ASSIGNMENT.
What you write must match the records exactly, except for the images, which are left out.

• • • • • • •

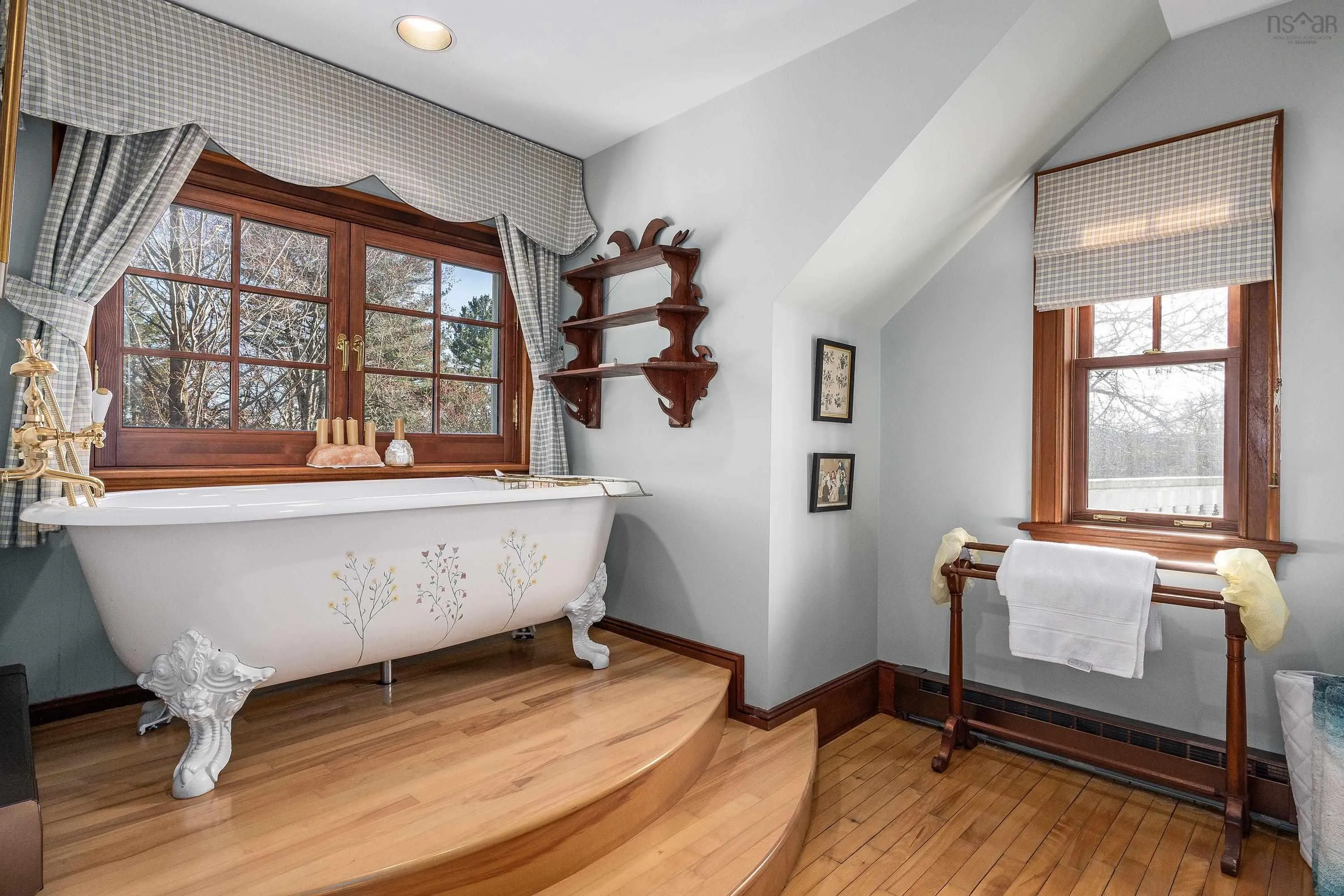 1462 Thornvale Avenue, Halifax, NS B3H 4C2, 4 Bedrooms Bedrooms, ,7 BathroomsBathrooms,Residential,For Sale,Thornvale,202512360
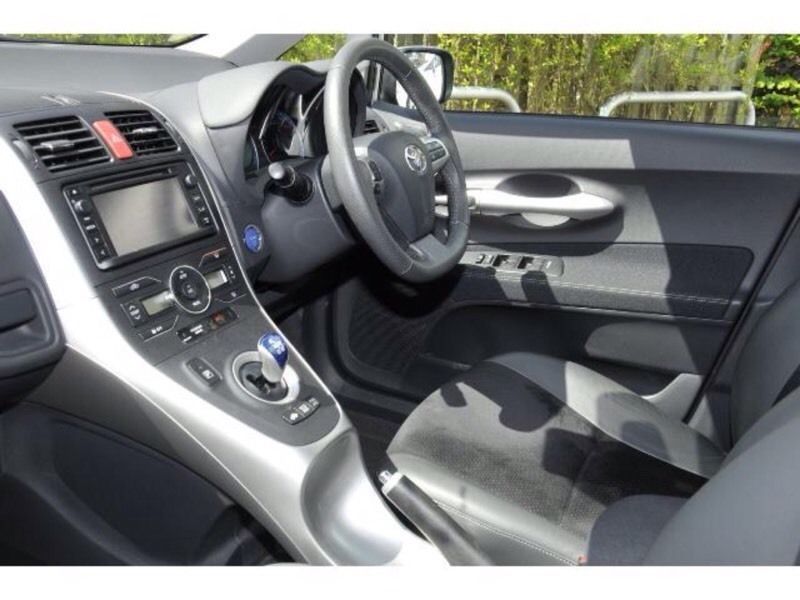 2012 Toyota Auris 1.8 T sprit image 1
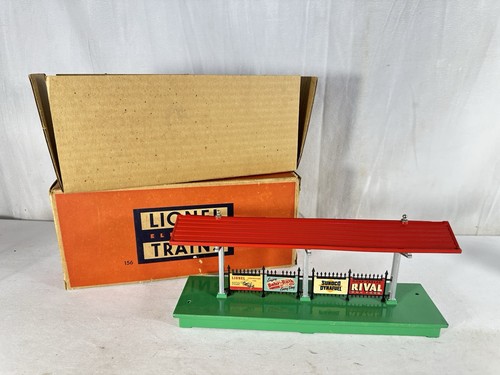 High-Grade Lionel Original Postwar BOXED #156 Illuminated Platform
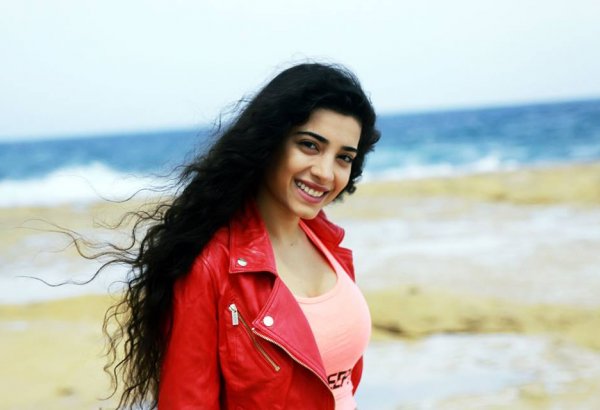 Море, солнце – Семра Рагимли на Мальте (ФОТО)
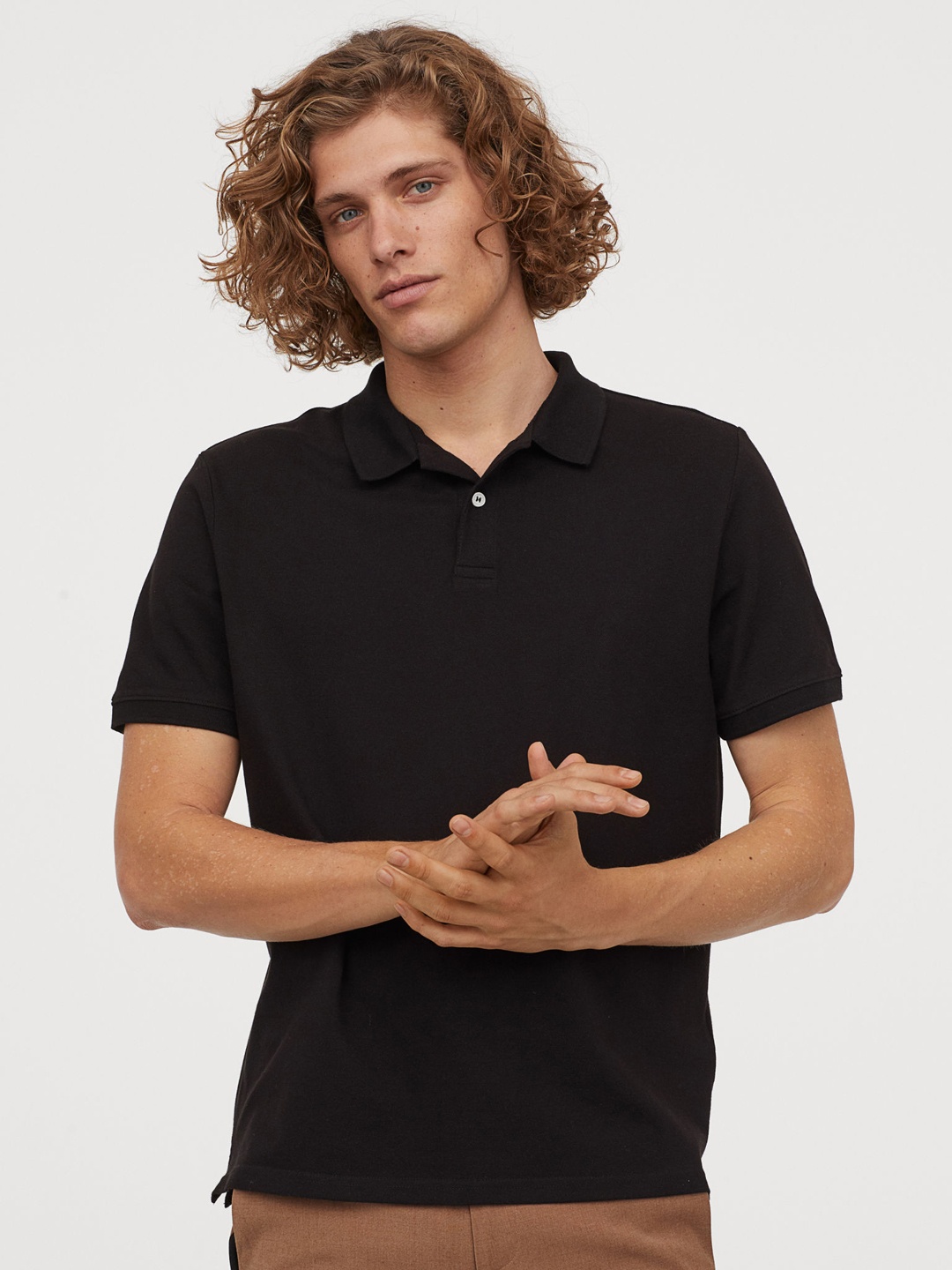 

H&M Men Black Solid Polo Collar T-shirt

• • • • • • •

RESULT OF THIS EXERCISE.
 1462 Thornvale Avenue, Halifax, NS B3H 4C2, 4 Bedrooms Bedrooms, ,7 BathroomsBathrooms,Residential,For Sale,Thornvale,202512360
 2012 Toyota Auris 1.8 T sprit image 1
 High-Grade Lionel Original Postwar BOXED #156 Illuminated Platform
 Море, солнце – Семра Рагимли на Мальте (ФОТО)

H&M Men Black Solid Polo Collar T-shirt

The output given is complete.